10.6.12

A Year Like That

I'm told every teacher has one of those years. A year like I just finished. Its a year that makes you reconsider your profession. A group of kids whose chemistry mixes with yours in such a way you want to run screaming from the classroom and hide in the hills. Its the kind of year that makes you question yourself as an educator and wonder what exactly you could have been thinking to begin such a path in the first place. This powerful year erases all the beautiful moments of learning and laughing that came before and leaves you struggling to get out bed each morning. Yeah, it was that kind of year.

The kids in my class needed absolute structure and military type discipline- neither of which even remotely describe me or my teaching style. I'm used to handing power over to the students and helping them grow into it. I'm used to tossing out ideas and having the kids eagerly scramble to gobble them up and turn them into themes of their own design.
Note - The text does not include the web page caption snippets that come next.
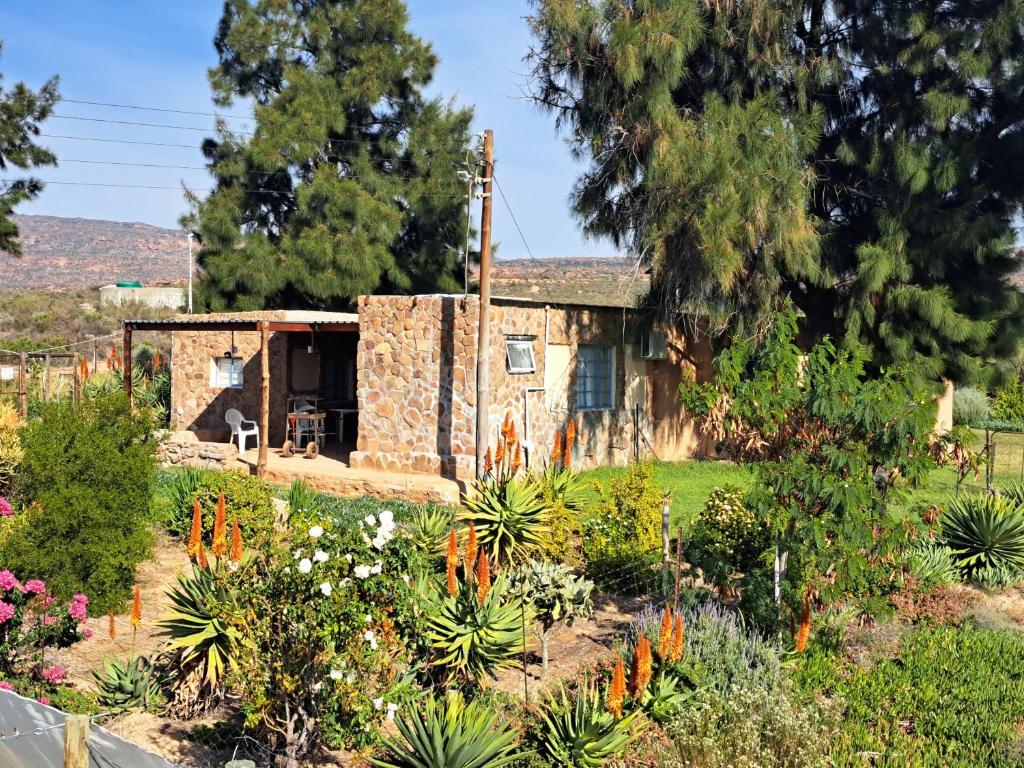 a stone house with a garden in front of it at Neels Cottage in Clanwilliam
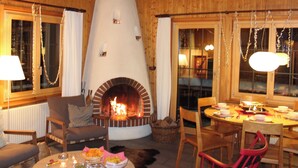 A cozy room with a fireplace, wooden walls, a dining table set for two, and a comfortable seating area. - Cozy family apartment with stove, gallery and magnificent alpine view (Adelboden)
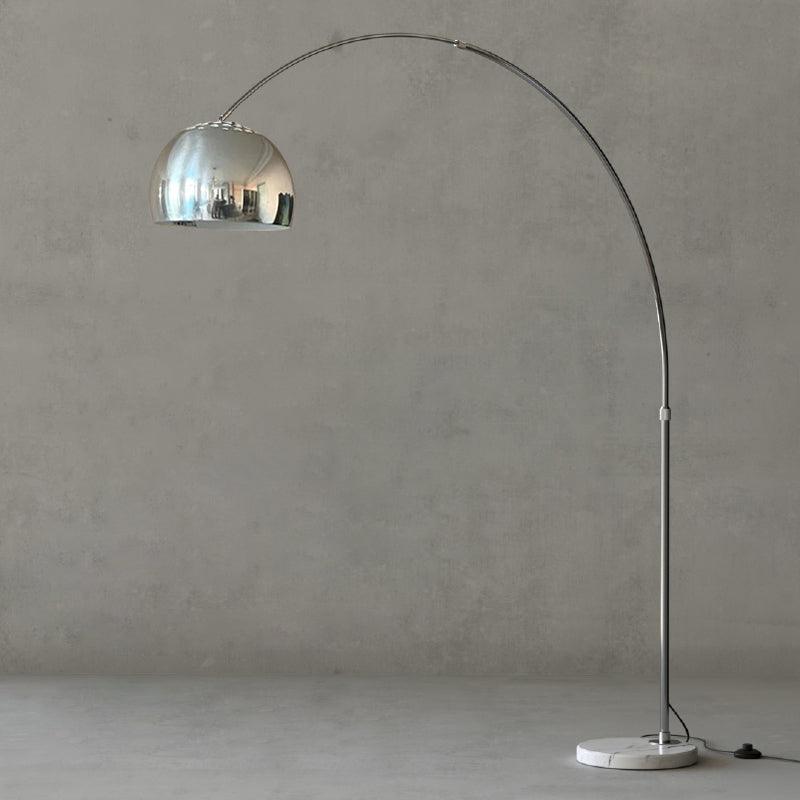 Set against the grey backdrop, a close crop follows the curve of the Clérachic arc floor lamp's arm and mirrored dome shade.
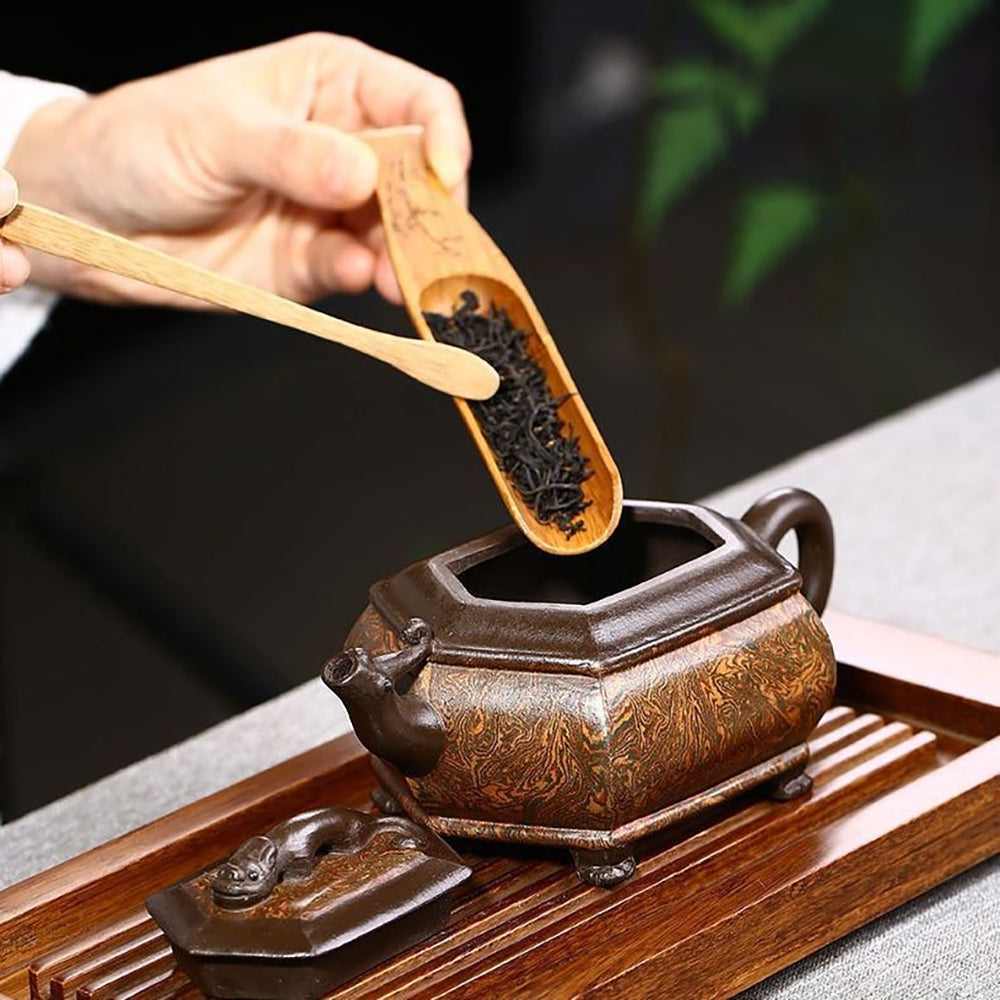 Side view of the Artisan Chilong Dragon Motif Teapot, emphasizing its unique spout and handle.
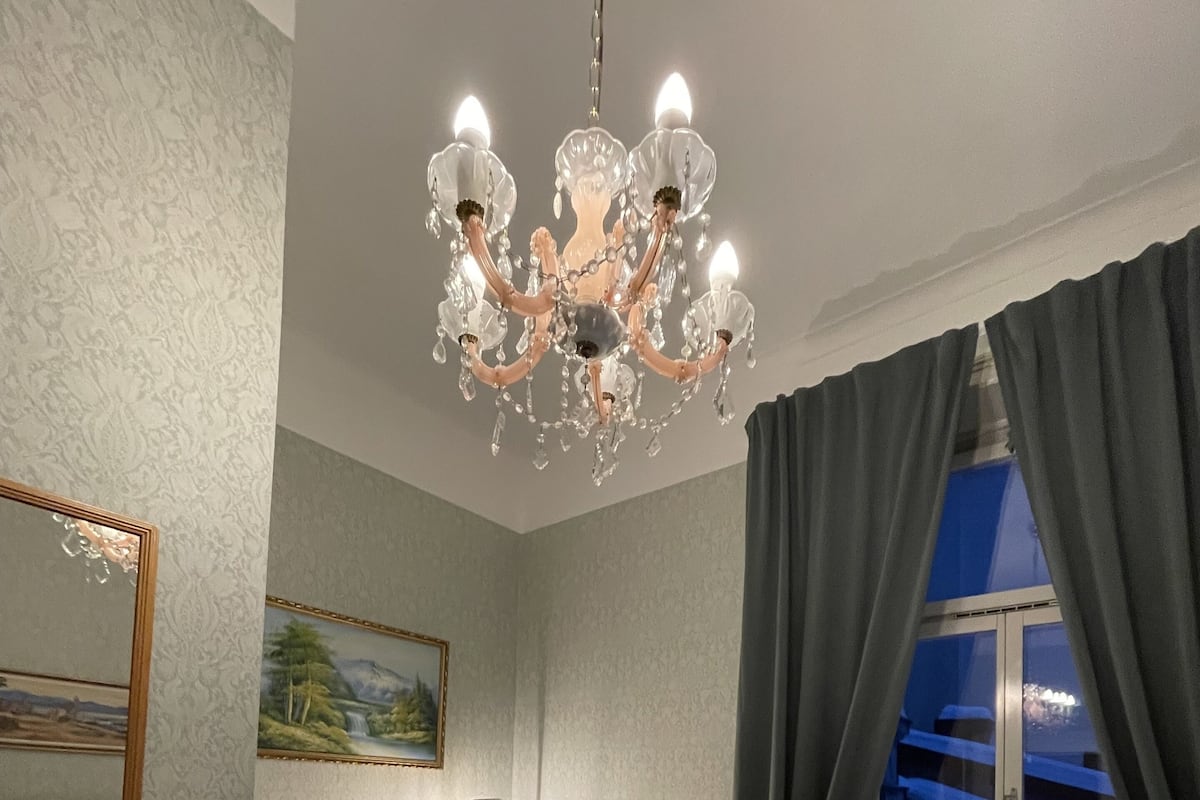 Habitación de hotel con candelabro, dos sillones, un sofá, un cuadro en la pared, una ventana con cortinas y un radiador.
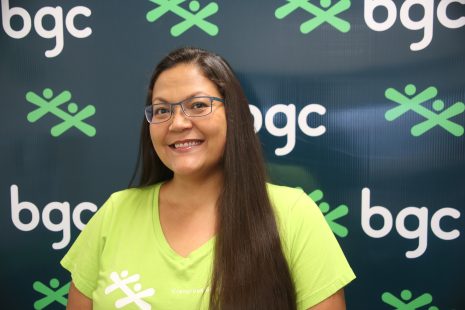 Image shows woman with long dark hair and glasses smiling at the camera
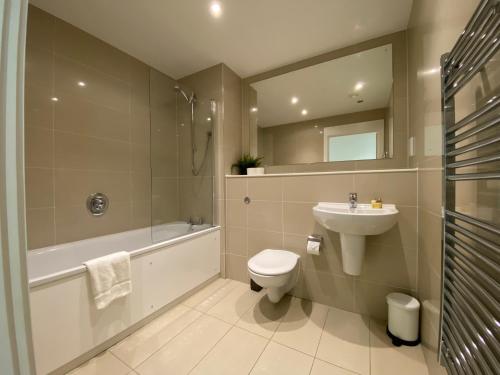 a bathroom with a sink and a toilet and a bath tub at Berks Luxury Serviced Apartments RWH 76 1 Bedroom, 1 super king bed, free parking, gym & wifi in Bracknell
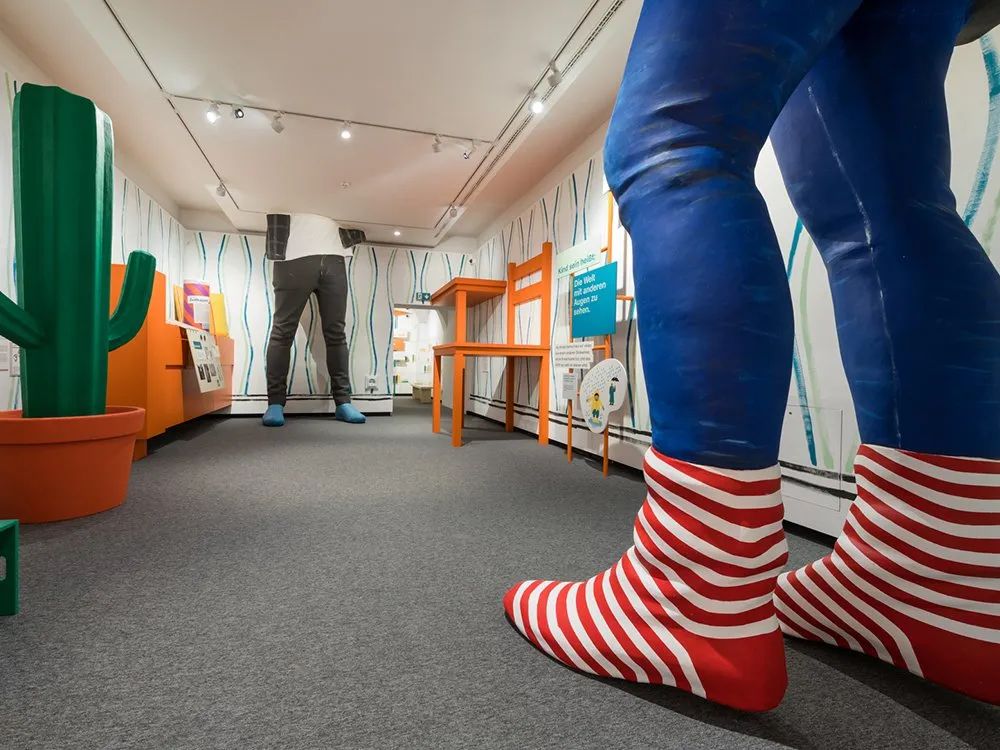 Weitwinkelaufnahme eines Ausstellungsraums mit überlebensgroßen Figuren, eine mit blauen Beinen und roten-weißen Socken, eine mit grauen Hosen und blauen Schuhen, neben einem Kaktus und orangefarbenen Möbeln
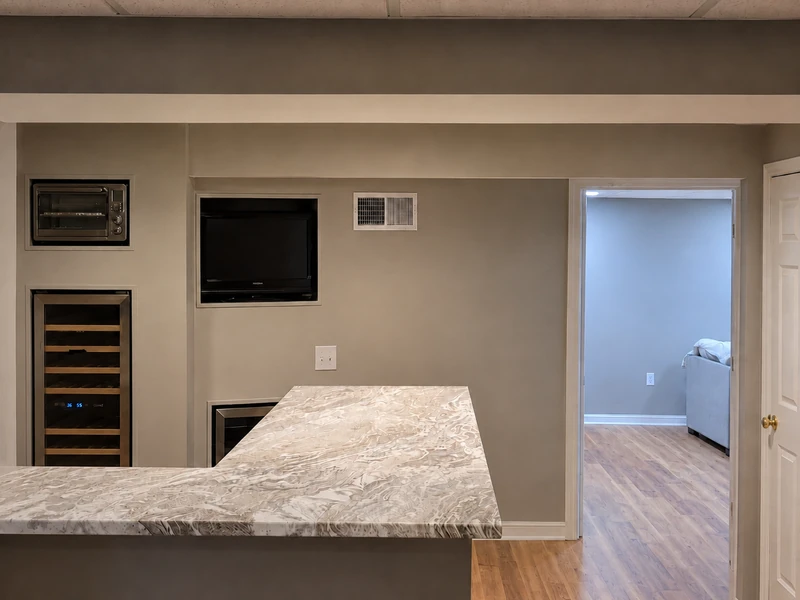Finished basement bar with custom countertop, built-in appliances, and updated flooring by KNA Remodeling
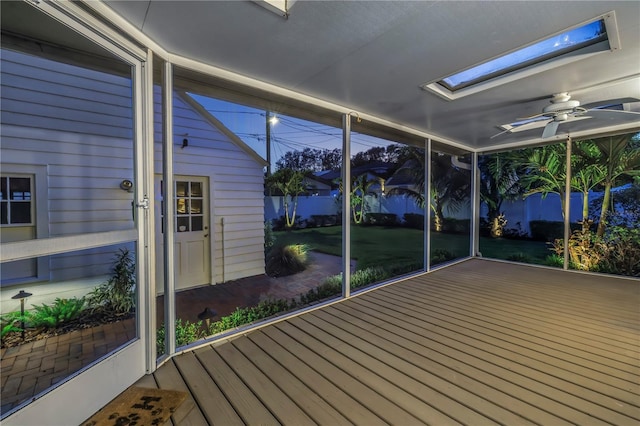 unfurnished sunroom with ceiling fan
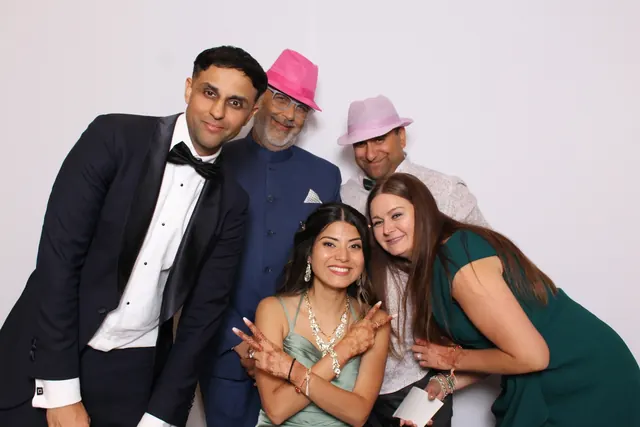 Guests enjoying a photo booth with a white neutral backdrop, photo 37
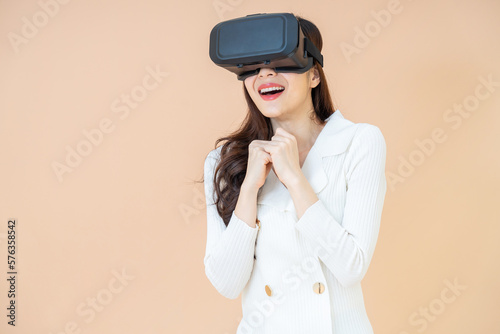 portrait of a young asia woman wearing a white cardigan and VR glasses. She is amazed by what she is seeing. Virtual reality headset. isolated orange background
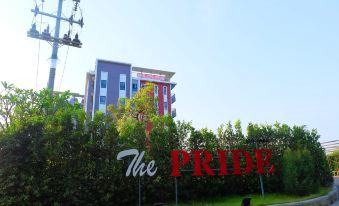 "a large red sign that says "" the pride "" is in front of a building and is surrounded by greenery" at The Pride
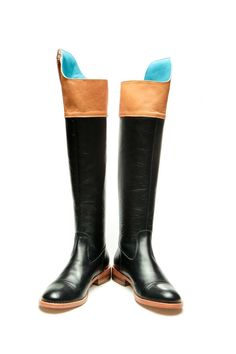 Milenika's handmade black women's tall riding boots, equestrian-inspired boots. These boots feature soft black leather, high Spanish-cut topline, almond toe, detailed with turquoise blue the pull up stripe, brown panel and handcrafted leather sole and zip fastening along back for easy to put on/off. We like them styled with skinny jeans, sleek leggings or an oversized sweater dress. Full leather outer, interior and sole. DETAILS: Full leather upper, lining and sole Black and brown leather Turquo Black Knee-high Riding Boots For Fall, Fitted Black Knee-high Riding Boots, Black Wide Calf Knee-high Boots For Riding, Black Knee-high Moto Boots For Riding, Black Knee-high Moto Riding Boots, Black Knee-high Boots With Round Toe For Riding, Black Flat Boots, Sweater Dress Oversized, Boots Knee High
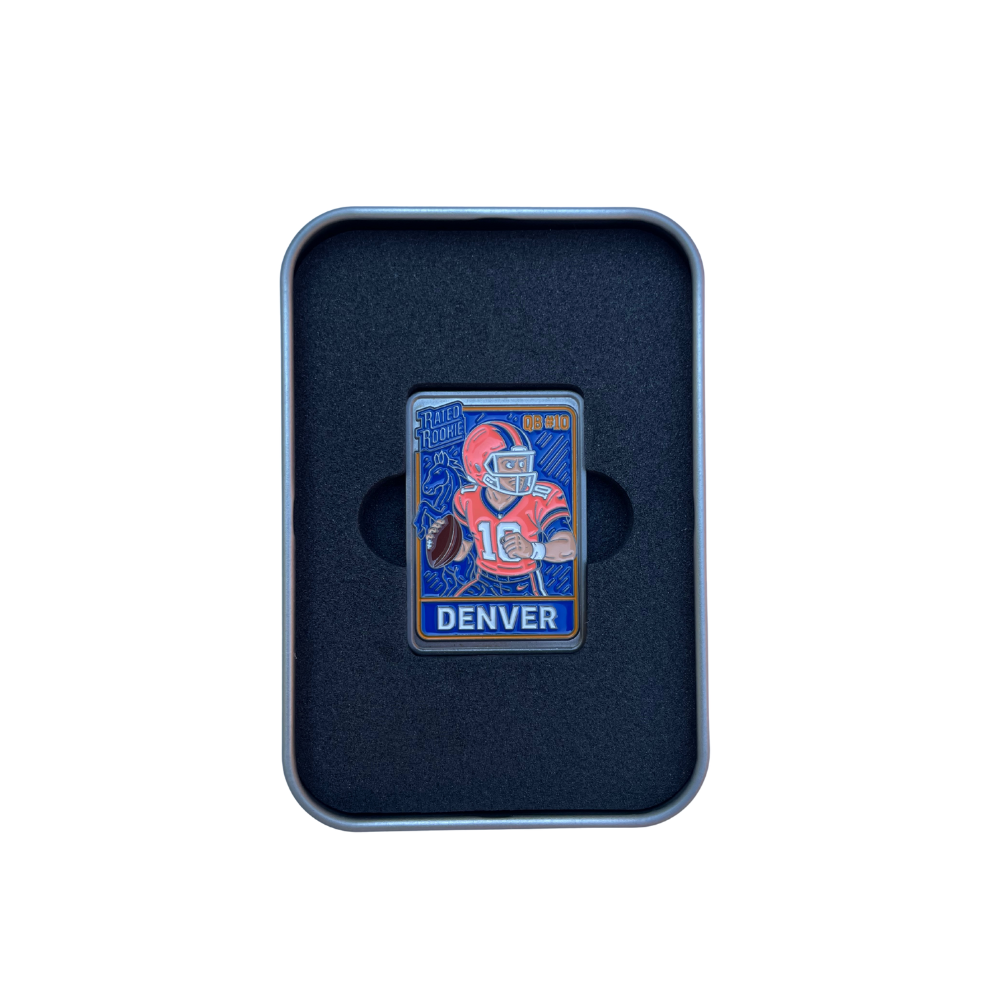 The Pin Creatures Denver Trading Card Ball Marker features a football player in an orange #18 uniform, "DENVER" and Hall of Fame text, displayed in a black foam-lined case.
There wasn't much scrambling this year. It was more like being in one of those horrible tv sitcoms. (distant memories of my musical class from last year that would break into song and dance their way to the garbage can were now only a passing mirage on their way to some middle school class. Wait...I wanted to call out after them as they laughed their way past my classroom, I belong with you guys!) These kids were vicious- full of images that friends are really enemies (frienemies, they were fond of calling each other) to fight with and make up again over and over. All year long. They scratched each other, berated their teammates during softball games, stuck their middle fingers up at visiting 7 year olds during a soccer match and went through each other's desks throwing out their books and supplies.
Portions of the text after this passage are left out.